→ **Task requirements**: After locating the line that contains "Full-length shot of" in the material below, copy that line and each one following it, exactly, up to the last line. Pictures stay out.

══ Supplied material ══

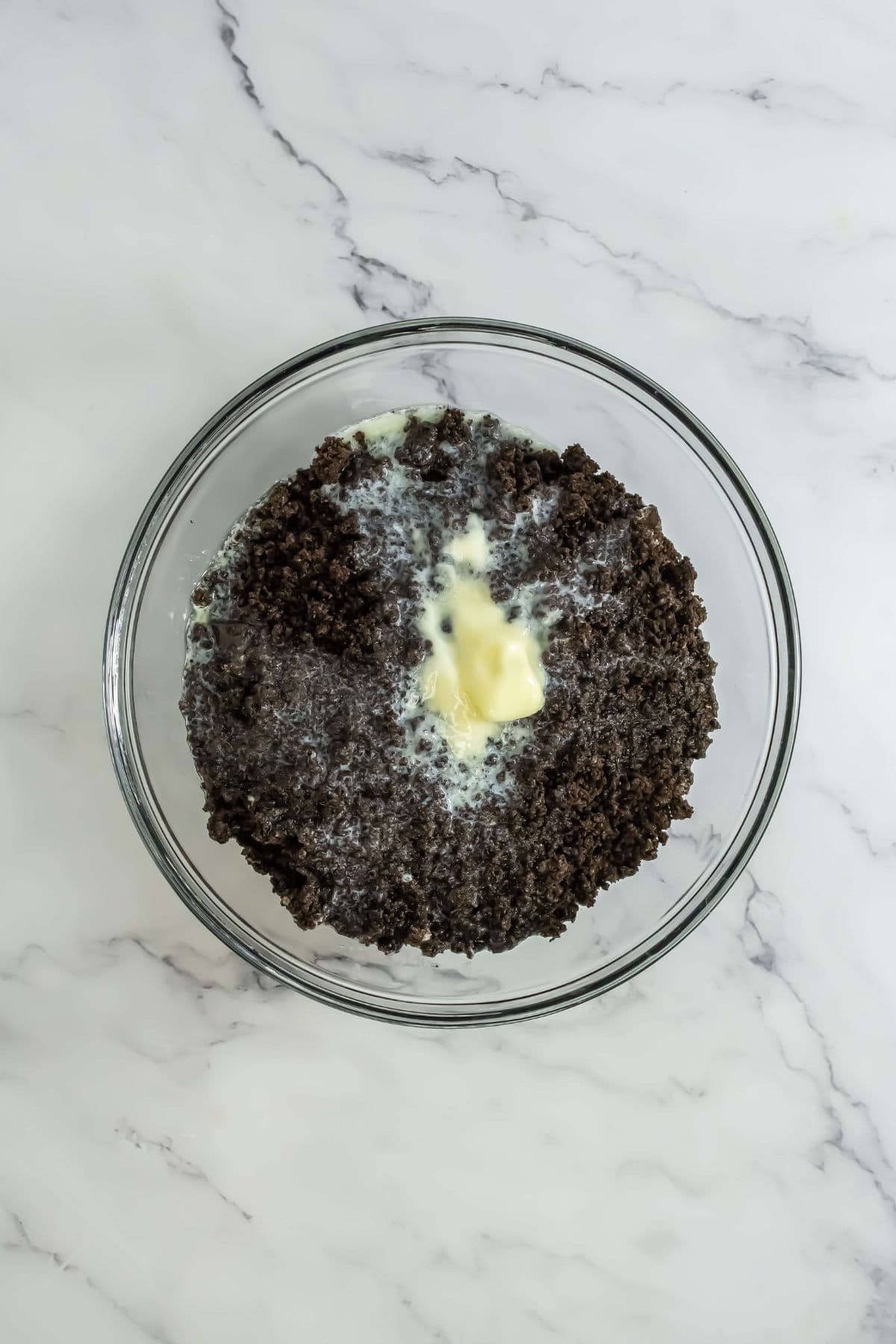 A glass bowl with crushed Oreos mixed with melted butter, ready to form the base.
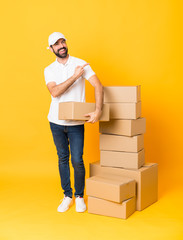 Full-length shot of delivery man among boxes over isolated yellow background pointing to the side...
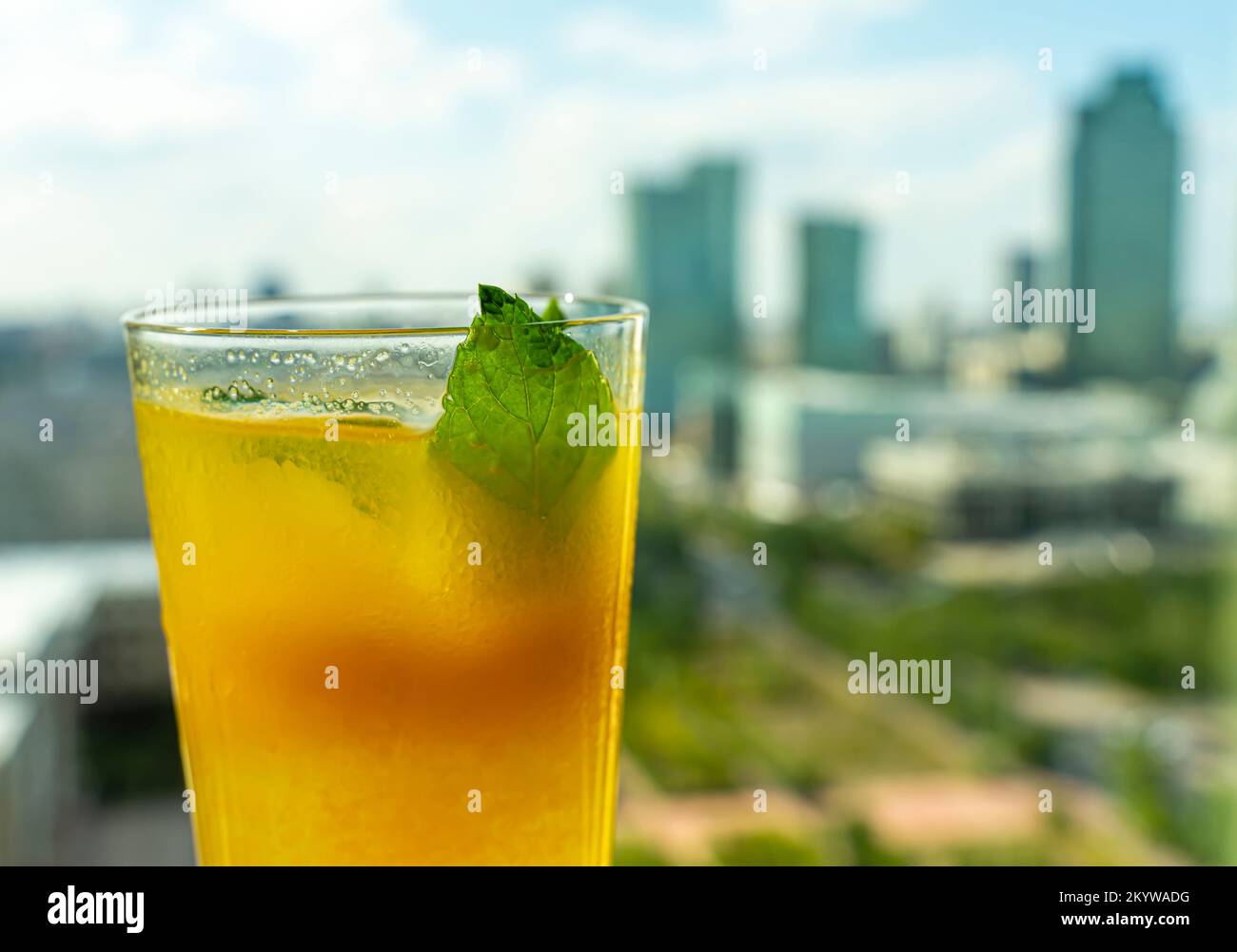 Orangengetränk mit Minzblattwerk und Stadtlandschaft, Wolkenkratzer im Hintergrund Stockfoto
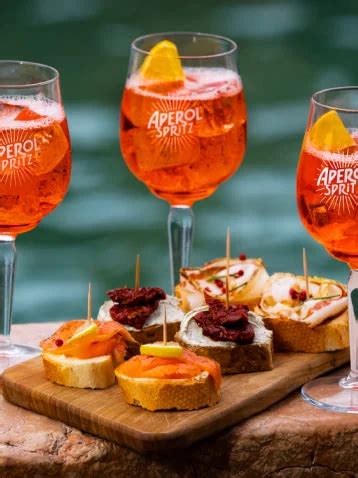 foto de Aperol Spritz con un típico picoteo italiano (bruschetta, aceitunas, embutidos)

═══

→ **Your solution**:
 Full-length shot of delivery man among boxes over isolated yellow background pointing to the side...
 Orangengetränk mit Minzblattwerk und Stadtlandschaft, Wolkenkratzer im Hintergrund Stockfoto
 foto de Aperol Spritz con un típico picoteo italiano (bruschetta, aceitunas, embutidos)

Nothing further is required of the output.